Metadata-Version: 2.4
Name: llmreplay
Version: 0.1.2
Summary: Deterministic replay debugger for LLM agents
License-Expression: MIT
Requires-Python: >=3.10
Description-Content-Type: text/markdown
Requires-Dist: click>=8.1
Requires-Dist: rich>=13.0
Requires-Dist: aiofiles>=23.0
Provides-Extra: openai
Requires-Dist: openai>=1.0; extra == "openai"
Provides-Extra: anthropic
Requires-Dist: anthropic>=0.20; extra == "anthropic"
Provides-Extra: langchain
Requires-Dist: langchain>=0.2; extra == "langchain"
Requires-Dist: langchain-core>=0.2; extra == "langchain"
Provides-Extra: grok
Requires-Dist: openai>=1.0; extra == "grok"
Provides-Extra: gemini
Requires-Dist: google-genai>=0.8; extra == "gemini"
Provides-Extra: s3
Requires-Dist: boto3>=1.28; extra == "s3"
Provides-Extra: web
Requires-Dist: streamlit>=1.35; extra == "web"
Requires-Dist: plotly>=5.0; extra == "web"
Provides-Extra: dev
Requires-Dist: pytest>=8.0; extra == "dev"
Requires-Dist: pytest-asyncio>=0.23; extra == "dev"
Requires-Dist: pytest-cov>=5.0; extra == "dev"
Provides-Extra: all
Requires-Dist: llmreplay[anthropic,dev,gemini,grok,langchain,openai,s3,web]; extra == "all"

# llmreplay

Deterministic replay debugger for LLM agents.
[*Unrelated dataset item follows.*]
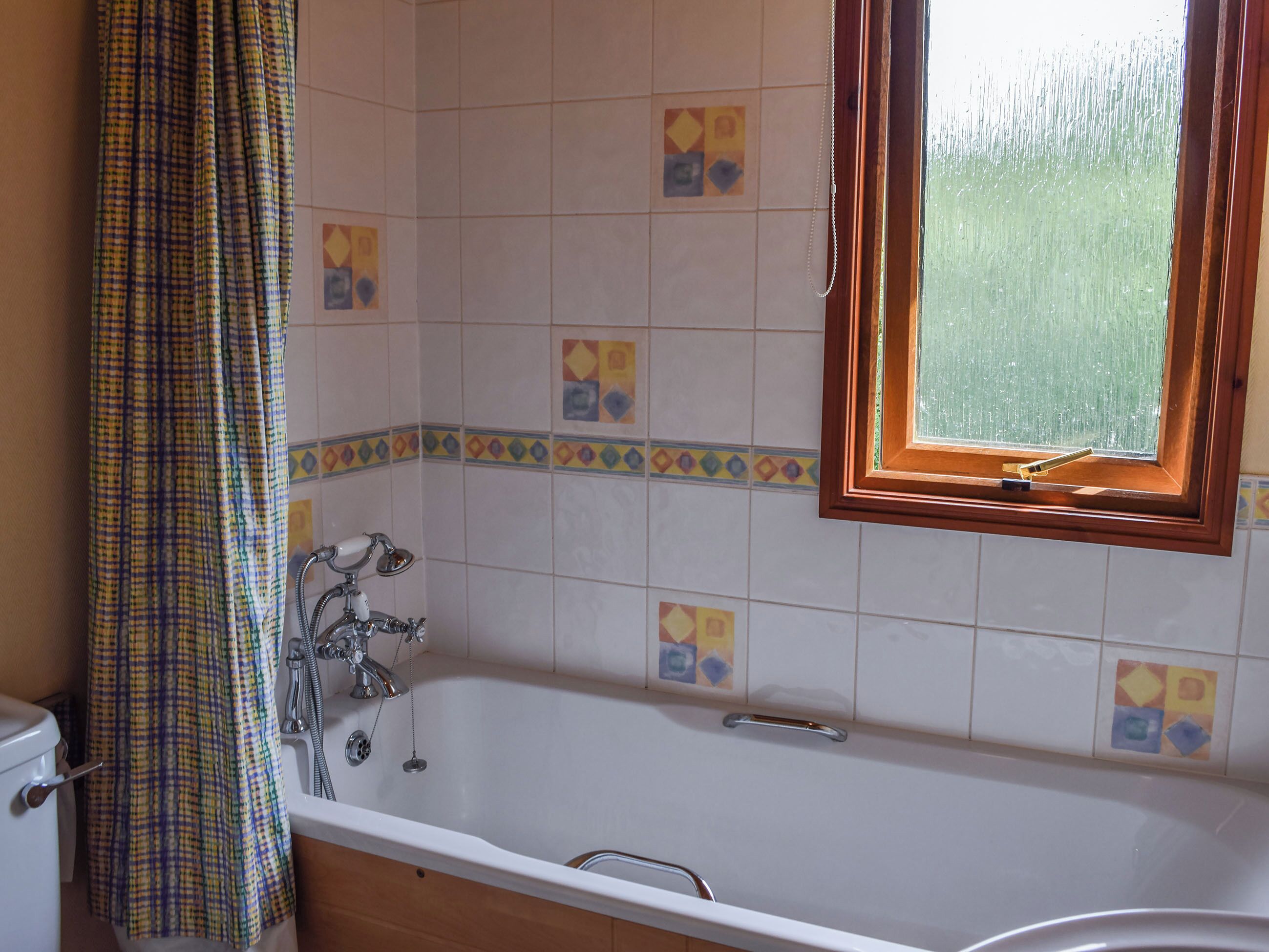 Et badeværelse med badekar, bruser og toilet. Der er et vindue med træramme og gardin.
Records LLM calls and tool executions to SQLite, replays from the log with no network calls.

```python
from llmreplay import record, replay

# Record
with record("my_run", seed=42):
    response = client.chat.completions.create(...)

# Replay — zero network calls
session = replay("my_run")
for event in session.events():
    print(event.step, event.kind, event.payload)
```

## Install

```bash
pip install llmreplay
```

Requirements: Python >= 3.10

## What gets recorded

- LLM requests/responses (OpenAI, Anthropic, Grok/xAI, Gemini)
- Tool calls/results (via `@record_tool` decorator)
- Random seeds (Python `random`, numpy)
- Exceptions

Events are stored in `~/.llmreplay/<run_id>.db`.

## CLI

```bash
llmreplay list                    # List recorded runs
llmreplay view my_run             # Show all events
llmreplay view my_run --step 42   # Jump to step
llmreplay cost my_run             # Cost breakdown
llmreplay export my_run --json    # Export bug report
llmreplay web my_run              # Launch timeline UI
```

## Features

**Auto-instrumentation** — OpenAI, Anthropic, Grok, Gemini, LangChain hooks install automatically within `record()` context.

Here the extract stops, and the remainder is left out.